Albüm Kritik 265 (Khôrada / Salt)


Merhaba sevgili dostlarım, birkaç günlük aradan sonra sizlerleyim tekrar. Yazı yazma işini çok seviyorum fakat istenmeyen bazı durumlardan ötürü siteye yazı girişi yapamayabiliyorum. Neyse lafı daha fazla uzatmaya gerek yok. Bugün sizlere çok özel bir albümden bahsedeceğim. Neden özel diye soracak olursanız da, benim çok sevdiğim gruplardan biri olan ve geçtiğimiz yıllarda müzik hayatına son veren “Agalloch”un “Giant Squid” ile birlikte oluşturduğu “Khôrada” adlı grubun bu yıl çıkardıkları ilk albümleri “Salt”tan sizlere söz edeceğim. Agalloch’tan “Don Anderson (gitar), Jason Walton (bas) ve Aesop Dekker (davul)”, Giant Squid’ten “John Gregory (vokal/gitar)” ile oluşan Khôrada’nın yaptıkları müziği oldukça sofistike buldum. Detaylar için iki satır aşağıya bakmanız yeterli.

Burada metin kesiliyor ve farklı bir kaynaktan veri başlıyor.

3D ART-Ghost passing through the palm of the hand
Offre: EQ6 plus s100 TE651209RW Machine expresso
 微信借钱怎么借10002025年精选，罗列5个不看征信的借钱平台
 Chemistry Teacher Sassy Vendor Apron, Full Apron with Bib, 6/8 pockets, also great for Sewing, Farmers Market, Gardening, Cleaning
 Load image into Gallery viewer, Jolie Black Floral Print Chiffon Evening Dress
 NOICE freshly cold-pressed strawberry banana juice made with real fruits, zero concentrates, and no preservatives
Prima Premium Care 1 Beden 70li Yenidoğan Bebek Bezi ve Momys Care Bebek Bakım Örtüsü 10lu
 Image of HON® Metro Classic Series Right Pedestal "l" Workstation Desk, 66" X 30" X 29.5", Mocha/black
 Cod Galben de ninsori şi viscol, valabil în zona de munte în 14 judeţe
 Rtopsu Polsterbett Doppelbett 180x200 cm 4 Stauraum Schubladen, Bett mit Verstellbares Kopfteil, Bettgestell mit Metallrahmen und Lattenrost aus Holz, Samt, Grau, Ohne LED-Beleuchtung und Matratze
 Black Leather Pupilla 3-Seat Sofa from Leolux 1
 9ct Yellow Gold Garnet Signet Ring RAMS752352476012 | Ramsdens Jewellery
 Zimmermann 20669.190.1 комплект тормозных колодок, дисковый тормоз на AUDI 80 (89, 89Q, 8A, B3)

Agalloch'un yaptığı müziğe aşikar biri olduğum için Khôrada’nın neler yapacağı konusunda az çok fikrim vardı. Tahmin yürütmek çok zor olmadı açıkçası benim için. Çünkü Agalloch gerçekten kendine özgü bir müzik yapma konusunda oldukça iyi bir gruptu. Kendine özgü dediysem de yaptıkları müziği onlardan başkası yapmıyordu demek istemedim. Black Metal’in daha melodik halini bizlere dinlettiriyordu ABD’li grup. Fakat Giant Squid hakkında herhangi bir bilgim olmadığı için, bu durumun belki beni yanıltabileceğini düşündüm. Nitekim yanılmadım ve Agalloch’un tarzında bir tarz benimseyen Khôrada’nın Salt albümünü güzel bir şekilde dinledim. Siteye ilk ve tek Agalloch albüm yazısı olarak “The Mantle”ı yazmıştım. Grubun önceki albümlerini de dinledim fakat o albümlerden herhangi birini yazma şansım olmadı. Neyse ki Khôrada var ve bu etkileyici oluşumun neler yaptığını sizlerle paylaşma fırsatı verdiler bana.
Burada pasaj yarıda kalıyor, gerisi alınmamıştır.